The people rule @ your.gov.au
Topic 4: Our representatives – how representative are they?
Student handout: Profiling our representatives
What proportion of males and females are there in our parliaments?
What is the age range of our representatives?
What educational qualifications do our representatives have?
What occupational backgrounds do they have?
How representative are our politicians of the society at large?
What makes representation effective?
It is sometimes said that our representatives in parliament should 'mirror' the people. For example, groups such as women, cultural groups, age groups and Indigenous Australians should be represented in the parliaments in proportion to their numbers in the community.
Is there a case for giving Indigenous Australians separate representation? In the New Zealand House of Representatives, for example, there are four seats reserved for Maori representatives.
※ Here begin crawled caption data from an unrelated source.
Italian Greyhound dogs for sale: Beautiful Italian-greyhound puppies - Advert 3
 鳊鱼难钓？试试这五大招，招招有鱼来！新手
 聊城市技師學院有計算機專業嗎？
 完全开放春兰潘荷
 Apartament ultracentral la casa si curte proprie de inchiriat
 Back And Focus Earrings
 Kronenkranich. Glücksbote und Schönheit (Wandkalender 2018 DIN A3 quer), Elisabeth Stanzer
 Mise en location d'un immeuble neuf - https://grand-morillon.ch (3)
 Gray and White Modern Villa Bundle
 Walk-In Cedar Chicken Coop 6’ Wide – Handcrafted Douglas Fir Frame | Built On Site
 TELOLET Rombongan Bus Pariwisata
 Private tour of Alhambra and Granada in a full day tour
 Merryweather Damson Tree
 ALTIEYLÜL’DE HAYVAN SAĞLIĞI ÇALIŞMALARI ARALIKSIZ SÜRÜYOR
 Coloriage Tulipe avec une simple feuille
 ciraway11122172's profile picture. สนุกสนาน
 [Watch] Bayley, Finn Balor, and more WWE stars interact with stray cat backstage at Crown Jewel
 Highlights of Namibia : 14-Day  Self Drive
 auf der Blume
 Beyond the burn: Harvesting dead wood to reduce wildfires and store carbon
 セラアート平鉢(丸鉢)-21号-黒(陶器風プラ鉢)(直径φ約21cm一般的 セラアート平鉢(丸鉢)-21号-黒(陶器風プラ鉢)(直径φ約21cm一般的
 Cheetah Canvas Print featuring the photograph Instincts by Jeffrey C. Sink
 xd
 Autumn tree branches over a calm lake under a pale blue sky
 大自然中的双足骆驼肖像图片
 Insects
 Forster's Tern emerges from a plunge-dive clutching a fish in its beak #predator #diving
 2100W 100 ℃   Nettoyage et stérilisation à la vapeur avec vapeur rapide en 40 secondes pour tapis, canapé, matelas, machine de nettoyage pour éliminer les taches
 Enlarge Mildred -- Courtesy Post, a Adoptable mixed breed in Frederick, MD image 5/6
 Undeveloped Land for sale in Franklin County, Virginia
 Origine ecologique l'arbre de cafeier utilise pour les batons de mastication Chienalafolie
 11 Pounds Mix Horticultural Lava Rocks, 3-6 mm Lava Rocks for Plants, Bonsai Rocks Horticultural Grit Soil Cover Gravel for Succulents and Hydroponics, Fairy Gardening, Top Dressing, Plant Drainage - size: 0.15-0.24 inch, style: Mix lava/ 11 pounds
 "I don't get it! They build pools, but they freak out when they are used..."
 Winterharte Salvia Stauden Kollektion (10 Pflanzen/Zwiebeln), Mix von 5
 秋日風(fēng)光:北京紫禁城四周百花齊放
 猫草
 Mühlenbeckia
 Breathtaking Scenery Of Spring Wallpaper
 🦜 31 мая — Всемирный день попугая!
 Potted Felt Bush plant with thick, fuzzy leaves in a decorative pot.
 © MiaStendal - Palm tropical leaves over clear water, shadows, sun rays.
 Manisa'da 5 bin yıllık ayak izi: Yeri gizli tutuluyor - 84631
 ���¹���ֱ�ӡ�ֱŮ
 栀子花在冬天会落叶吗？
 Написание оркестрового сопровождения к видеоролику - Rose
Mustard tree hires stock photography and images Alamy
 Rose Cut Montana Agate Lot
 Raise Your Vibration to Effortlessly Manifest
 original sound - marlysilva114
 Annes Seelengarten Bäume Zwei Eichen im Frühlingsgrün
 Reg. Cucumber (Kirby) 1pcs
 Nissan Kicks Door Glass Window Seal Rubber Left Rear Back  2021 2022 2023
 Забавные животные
The Parliament @ Work database contains a range of data on our representatives including gender, age, educational qualifications and former occupations. This allows us to look at the extent to which they mirror the Australian population.
1. Profile of your representatives
In this activity you will use the Parliament @ Work data to write a profile of either:
- all your State or Territory representatives;
- all your Federal representatives.
Present your profile as a series of bar or pie charts or some other diagrammatic form.
Your profile should include:
- What are the numbers of males and females in the Lower House (and Upper House if applicable)?
- Is the gender balance different in different political parties? In different Houses?
Age of representatives (look at date of birth)
- What is the age range of representatives?
- How many are: under 30/from 30–40/40–50/50–60/over 60?
- Are there age differences between political parties? Between Upper and Lower Houses of Parliament (if applicable)?
- How many representatives have tertiary qualifications? Secondary school qualifications?
- Are there differences in qualifications between political parties?
- Would you consider your representatives to be well educated? Why or why not?
- Make a list of former occupations of MPs and classify them according to this list – for example: Education (lecturer, teacher), Legal (lawyer, barrister, solicitor) – and provide numbers. (Some parliamentarians have a number of former occupations.)
- Are there differences in types of former occupations between political parties? Are there occupations that are particular to one party or another (for example, grazier, trade union official)?
You can look at the place of birth or the personal profiles of MPs. It might not be possible to find information for all parliamentarians, but by using the 'wwwlinks' section of Parliament @ Work you may go to your State or Territory parliamentary website where there will be links to MPs' websites.)
- Does your parliament have a range of ethnic and cultural backgrounds? Explain.
After you have completed your profile, discuss in your groups and answer the following questions.
- How representative of the Australian population are these parliamentary representatives? How effective do you think your State or Territory or Federal parliament might be in representing the views of women, young people, people with little formal education, Australians from a variety of cultural backgrounds, or people who work in semi-skilled or unskilled occupations?
- Do you think it is important that our parliamentary representatives should mirror the Australian population in terms of gender, ethnic and cultural backgrounds, age and occupation? If so, why? If not, why not? How can MPs find out about the needs of their local constituents in order to represent their interests in parliament?
2. What makes a good representative?
Write a list of the people who represent you and your family. This could be in areas such as the school's SRC, sporting groups, local council, State or Territory and Commonwealth government and include leaders such as the Prime Minister.
In groups write down a list of ten qualities you think a good representative should have (for example, honesty, effective communicator) and why you think these qualities are important.
Share your list with other groups in the class and come up with a class consensus of ten qualities.
3. Profile of a Member of Parliament
Using the Parliament @ Work database find out the name of your State or Territory or Federal local member and electorate. (The class may have a number of different local members.)
In your group, brainstorm a list of questions you could ask a State or Territory representative, to develop a comprehensive profile.
These might include:
- What is your background?
- What was your motivation to enter politics?
- Why did you join a political party?
- What issues are important to you?
- How do you find out about the needs of people in your electorate?
- What are the important issues affecting young people?
- How do people try to influence you?
- What kind of work do you do?
- Is it difficult representing a political party and the local electorate?
- Should there be more women and young people in parliament?
- What is your greatest achievement?
- If you could change one thing tomorrow, what would it be?
- What are the qualities of a good representative?
- Should our representatives 'mirror' the community?
In your groups finalise your questions. Copy the list of questions so that each member of your group has the final version.
Find out information for your profile from the Internet, your local electorate office, parliamentary websites, newspapers and/or a personal interview.
Present your profile to the rest of the class as a talk, poster or computer presentation.